Written and directed by Quentin Tarantino and released on Christmas Day of 2012, the movie is set two years before the American Civil War, and it deals with the slave trade and Mandingo.

Tarantino got inspiration for the film from Sergio Corbucci’s 1966 movie Django, which, at the time of its release, was tagged to be the most violent movie ever made. This movie also borrowed elements from the 1975 film Mandingo, which was about slaves being trained to fight other slaves in a Roman gladiator-style.

Django Unchained’s plot is about love and revenge. Django (Jamie Foxx) is a slave being taken to be sold when a bounty hunter approaches the men transporting him and starts questioning the slaves to see who knows some men he is hunting. Django knows them, and after some unforeseen circumstances, both roll out as bounty hunters, killing many and selling their corpses to the authorities for money.

During their money-making endeavors, Dr. King (Christoph Waltz) asks Django the one thing that he wants. Django’s reply is that he wants to free his enslaved wife.

So, he and Dr. King (who seems to be up for any kind of adventure) set off to free her. But in order to do that, they have to fool Calvin J. Candie (Leonardo DiCaprio), who is the owner of Django’s wife, into selling her to them. This must be done wisely, as the heavily suspicious Stephen (Samuel L. Jackson) is watching.

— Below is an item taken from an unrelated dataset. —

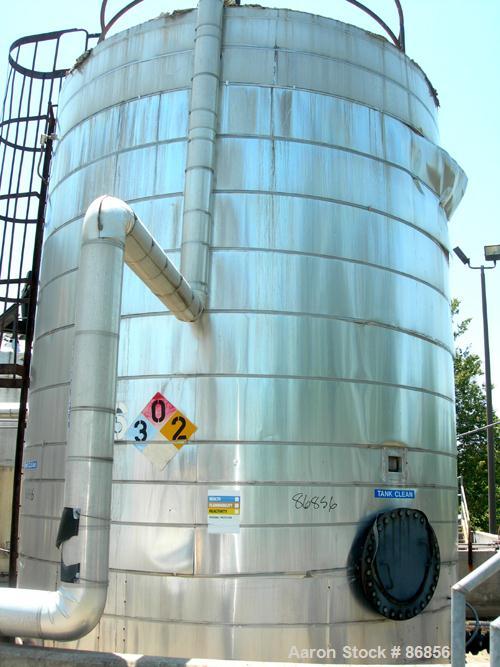 USED: Wolfe Mechanical and Equipment tank, 13,600 gallon, carbon steel, vertical. Approximate 144" diameter x 192" straight side. Dish top, flat bottom. Openings: top (3) 3", 1-1/2"; side 3/4", 1", 1...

The movie isn’t all sunshine—there were some letdowns, like the intensive violence. The heavy use of the word “nigger” may not go down well with some, and I guess if you’re one for history, the depiction of slavery as a Western shootout may not sit well with you. Also, the Mandingo element of the movie (slaves fighting slaves while their masters bet and watch) can be seen as insulting, since there is no historical evidence that such a thing ever existed.

Django Unchained is a good movie, one you will enjoy if you’re ready to put sentiments aside.